Yooseph Shibu, Sutton Granger, Rusch Douglas B, Halpern Aaron L, Williamson Shannon J, Remington Karin, Eisen Jonathan A, Heidelberg Karla B, Manning Gerard, Li Weizhong, Jaroszewski Lukasz, Cieplak Piotr, Miller Christopher S, Li Huiying, Mashiyama Susan T, Joachimiak Marcin P, van Belle Christopher, Chandonia John-Marc, Soergel David A, Zhai Yufeng, Natarajan Kannan, Lee Shaun, Raphael Benjamin J, Bafna Vineet, Friedman Robert, Brenner Steven E, Godzik Adam, Eisenberg David, Dixon Jack E, Taylor Susan S, Strausberg Robert L, Frazier Marvin, Venter J Craig
J. Craig Venter Institute, Rockville, Maryland, United States of America.
PLoS Biol. 2007 Mar;5(3):e16. doi: 10.1371/journal.pbio.0050016.
Metagenomics projects based on shotgun sequencing of populations of micro-organisms yield insight into protein families. We used sequence similarity clustering to explore proteins with a comprehensive dataset consisting of sequences from available databases together with 6.12 million proteins predicted from an assembly of 7.7 million Global Ocean Sampling (GOS) sequences. The GOS dataset covers nearly all known prokaryotic protein families. A total of 3,995 medium- and large-sized clusters consisting of only GOS sequences are identified, out of which 1,700 have no detectable homology to known families. The GOS-only clusters contain a higher than expected proportion of sequences of viral origin, thus reflecting a poor sampling of viral diversity until now. Protein domain distributions in the GOS dataset and current protein databases show distinct biases. Several protein domains that were previously categorized as kingdom specific are shown to have GOS examples in other kingdoms. About 6,000 sequences (ORFans) from the literature that heretofore lacked similarity to known proteins have matches in the GOS data. The GOS dataset is also used to improve remote homology detection. Overall, besides nearly doubling the number of current proteins, the predicted GOS proteins also add a great deal of diversity to known protein families and shed light on their evolution. These observations are illustrated using several protein families, including phosphatases, proteases, ultraviolet-irradiation DNA damage repair enzymes, glutamine synthetase, and RuBisCO. The diversity added by GOS data has implications for choosing targets for experimental structure characterization as part of structural genomics efforts. Our analysis indicates that new families are being discovered at a rate that is linear or almost linear with the addition of new sequences, implying that we are still far from discovering all protein families in nature.

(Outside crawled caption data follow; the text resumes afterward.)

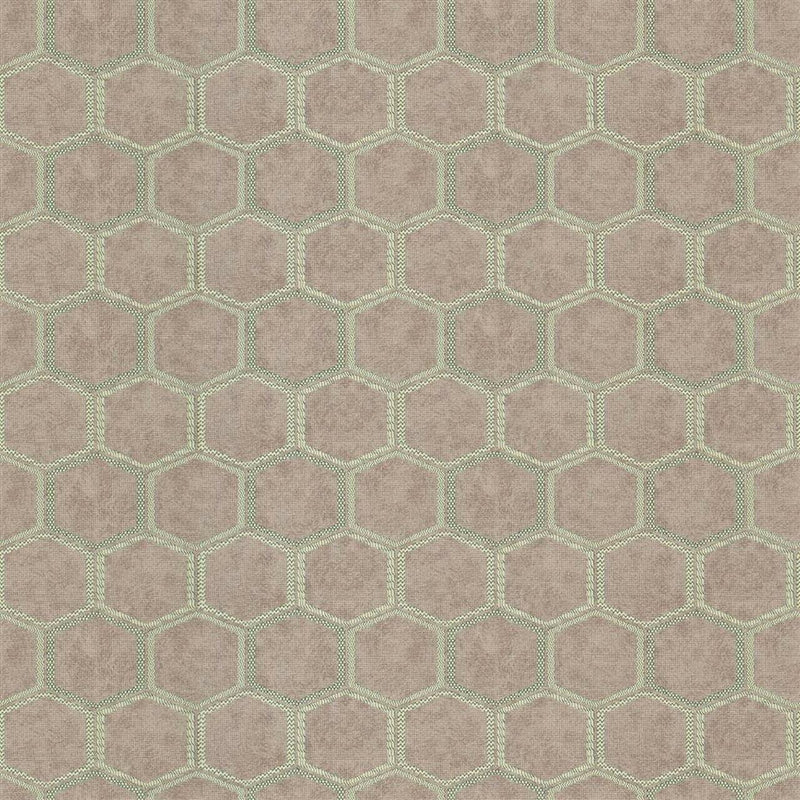 PDG1121/02 Manipur Chinon Wallpaper By Designers Guild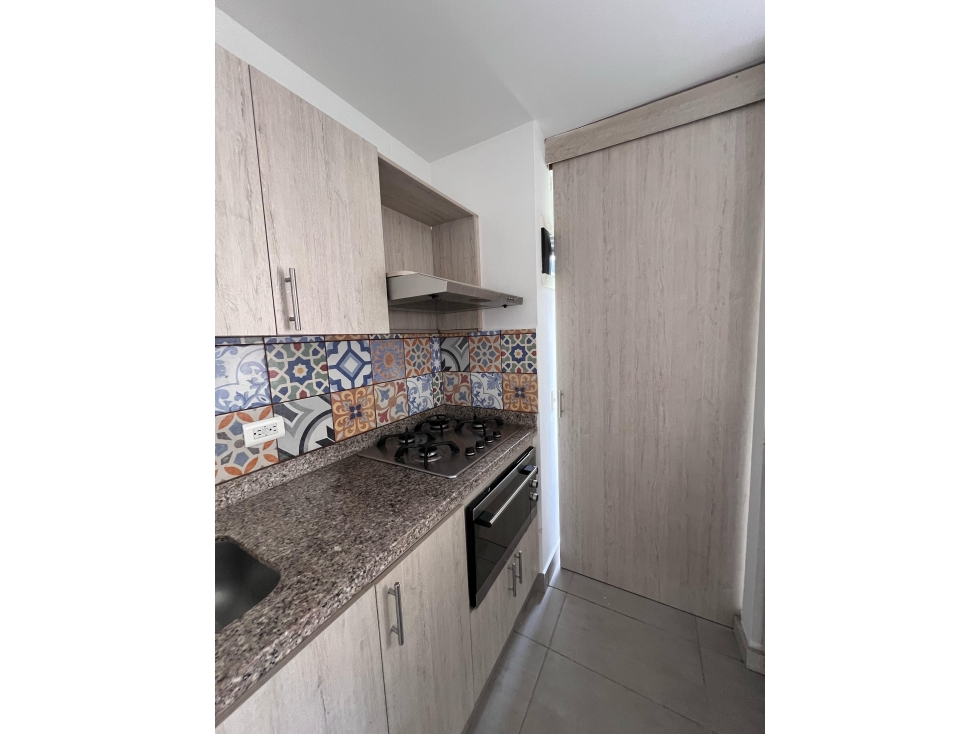 Venta de Apartamento en Calasanz — foto 5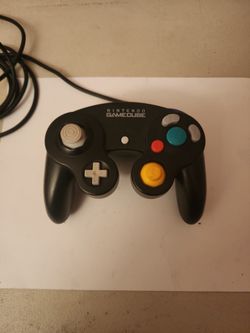 Nintendo GameCube Controller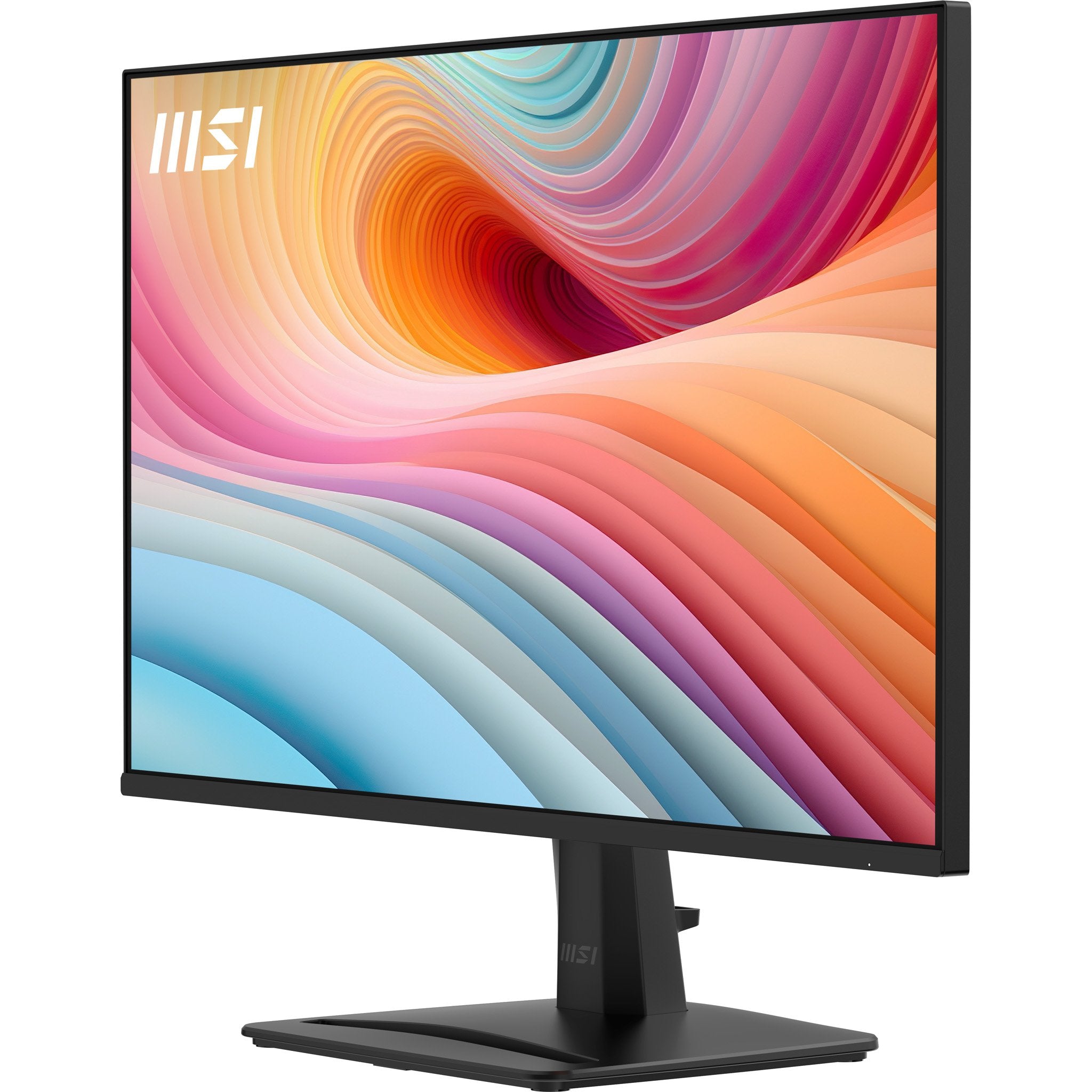 EAN 4711377238502 - MSI PRO MP251 E2 pantalla para PC 62,2 cm (24.5") 1920 x 1080 Pixeles Full HD LED Negro imagen 10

基于对微生物群体进行鸟枪法测序的宏基因组学项目,使人们对蛋白质家族有了深入了解。我们使用序列相似性聚类,通过一个综合数据集来探索蛋白质,该数据集由来自现有数据库的序列以及从770万个全球海洋采样(GOS)序列组装预测出的612万个蛋白质组成。GOS数据集涵盖了几乎所有已知的原核生物蛋白质家族。总共鉴定出3995个仅由GOS序列组成的中型和大型聚类,其中1700个与已知家族没有可检测到的同源性。仅包含GOS序列的聚类中,病毒起源序列所占比例高于预期,这反映出到目前为止对病毒多样性的采样不足。GOS数据集和当前蛋白质数据库中的蛋白质结构域分布存在明显偏差。一些先前被归类为特定界别的蛋白质结构域在其他界别中也有GOS示例。文献中迄今与已知蛋白质缺乏相似性的约6000个序列(孤儿序列)在GOS数据中有匹配项。GOS数据集还用于改进远程同源性检测。总体而言,除了使当前蛋白质数量几乎增加一倍外,预测的GOS蛋白质还为已知蛋白质家族增添了大量多样性,并揭示了它们的进化过程。使用包括磷酸酶、蛋白酶、紫外线照射DNA损伤修复酶、谷氨酰胺合成酶和核酮糖-1,5-二磷酸羧化酶/加氧酶等几个蛋白质家族对这些观察结果进行了说明。作为结构基因组学工作的一部分,GOS数据增加的多样性对选择实验结构表征的目标具有重要意义。我们的分析表明,新家族正以与新序列增加呈线性或几乎呈线性的速度被发现,这意味着我们距离发现自然界中所有蛋白质家族仍相差甚远。